WORKING DATA:
*-*-*

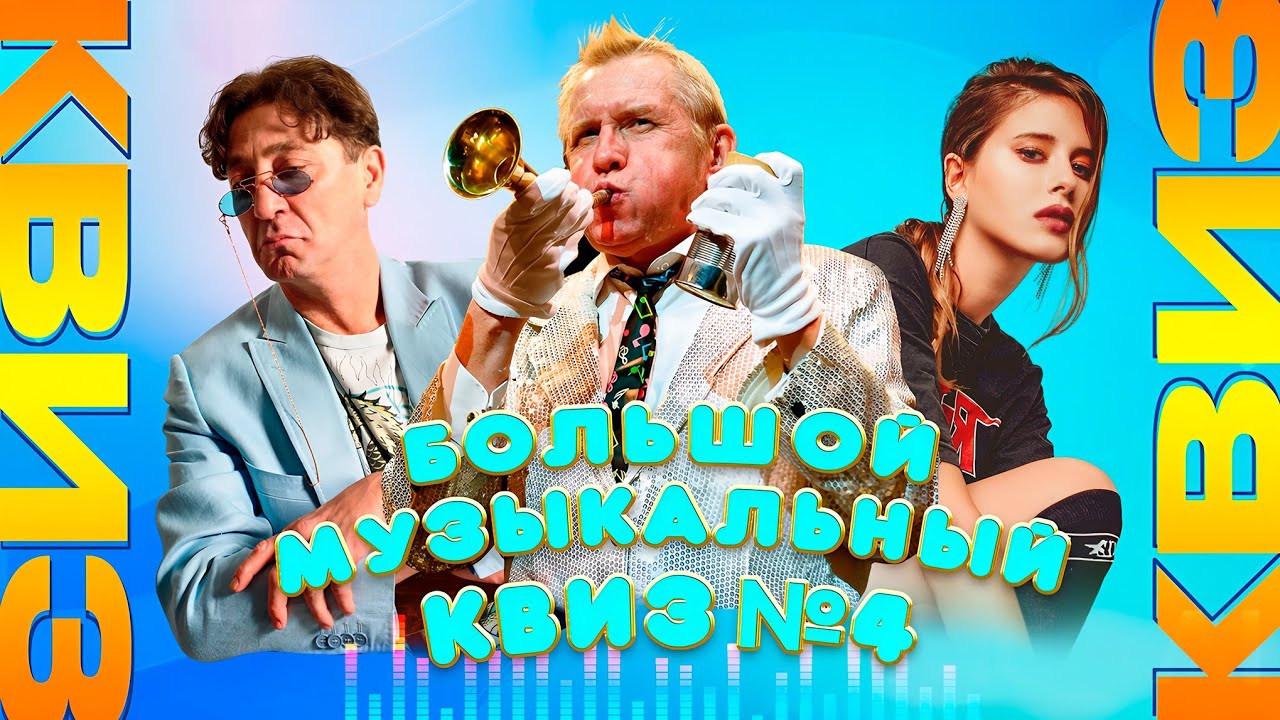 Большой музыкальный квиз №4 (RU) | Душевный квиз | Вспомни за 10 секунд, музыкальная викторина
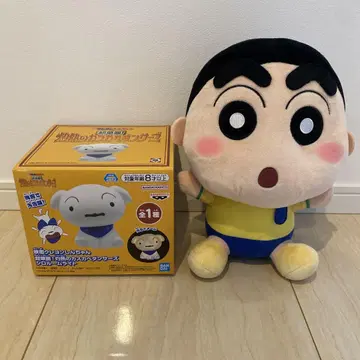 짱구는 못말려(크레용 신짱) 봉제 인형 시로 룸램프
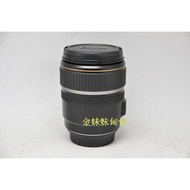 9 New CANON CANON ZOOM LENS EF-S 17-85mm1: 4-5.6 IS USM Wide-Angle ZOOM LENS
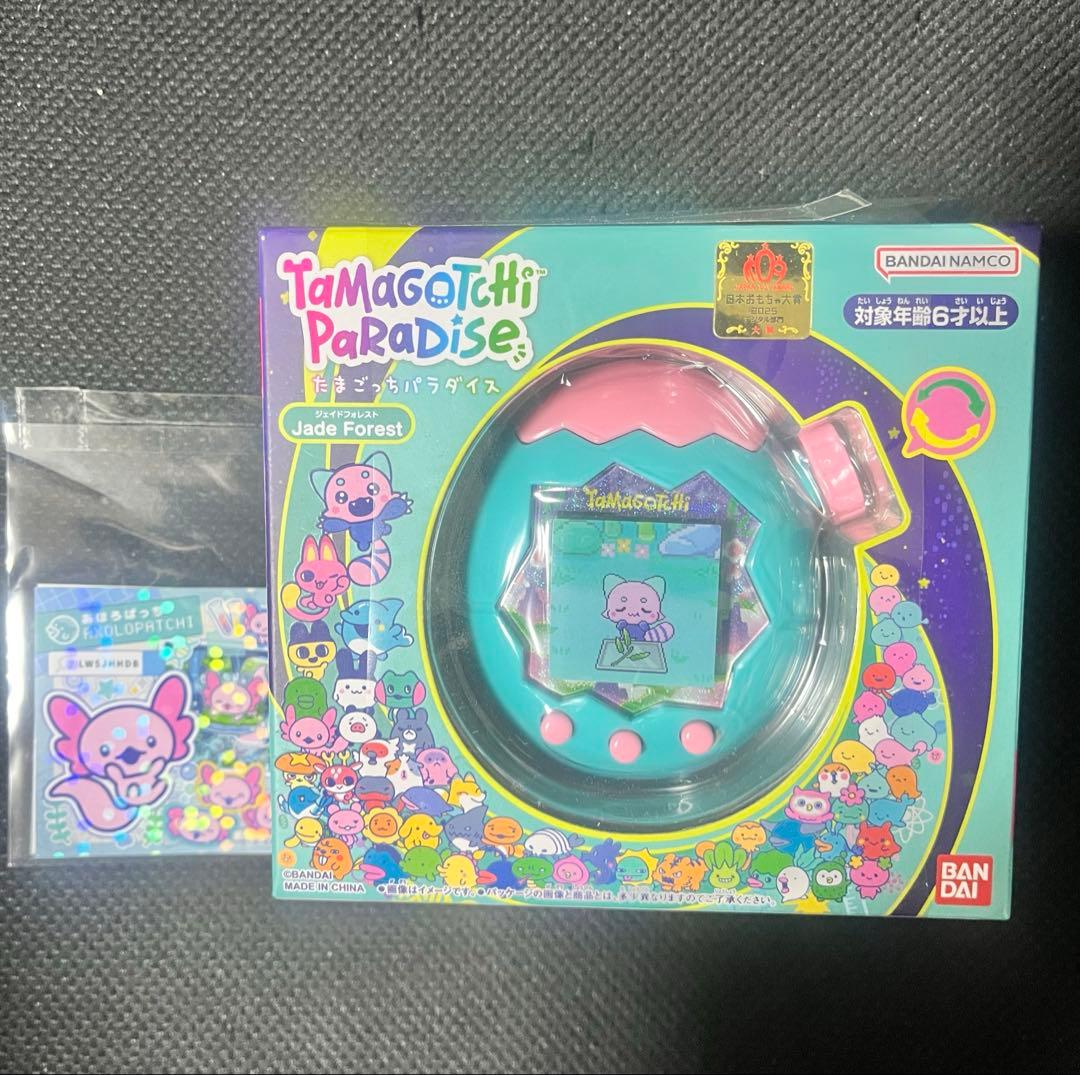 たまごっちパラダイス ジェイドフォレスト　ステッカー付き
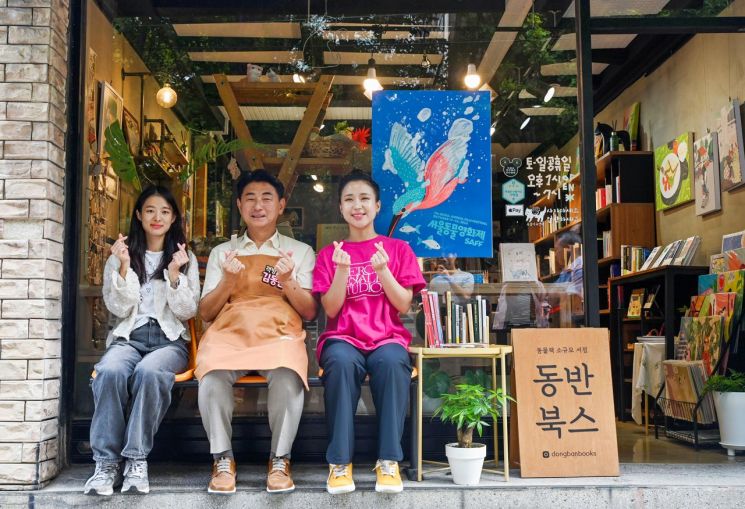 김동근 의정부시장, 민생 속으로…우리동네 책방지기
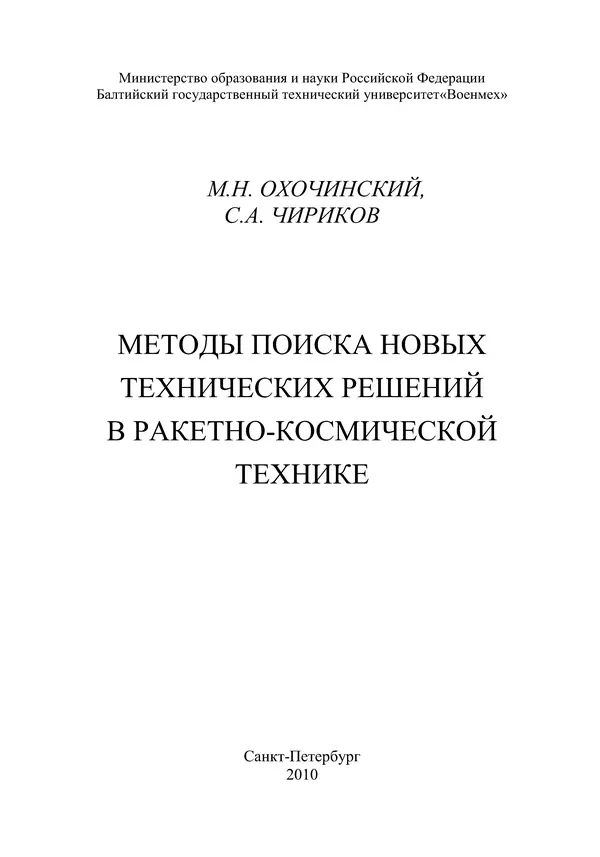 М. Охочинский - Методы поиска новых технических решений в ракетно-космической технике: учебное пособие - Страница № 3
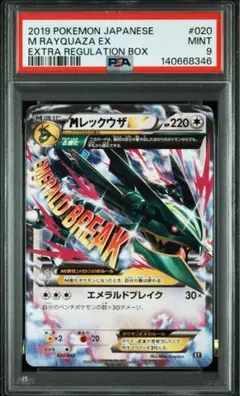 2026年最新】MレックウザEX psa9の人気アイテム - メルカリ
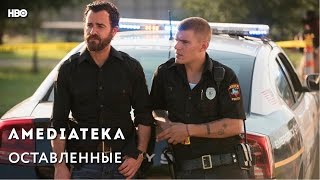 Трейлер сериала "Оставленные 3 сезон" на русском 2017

*-*-*

Find the line containing "짱구는 못말려(크레용 신짱) 봉제 인형 시로 룸램프" in the listing above. Restate it and every line after it, word for word, through the final line, leaving out the pictures.

ANSWER SPACE:
 짱구는 못말려(크레용 신짱) 봉제 인형 시로 룸램프
 9 New CANON CANON ZOOM LENS EF-S 17-85mm1: 4-5.6 IS USM Wide-Angle ZOOM LENS
 たまごっちパラダイス ジェイドフォレスト　ステッカー付き
 김동근 의정부시장, 민생 속으로…우리동네 책방지기
 М. Охочинский - Методы поиска новых технических решений в ракетно-космической технике: учебное пособие - Страница № 3
 2026年最新】MレックウザEX psa9の人気アイテム - メルカリ
 Трейлер сериала "Оставленные 3 сезон" на русском 2017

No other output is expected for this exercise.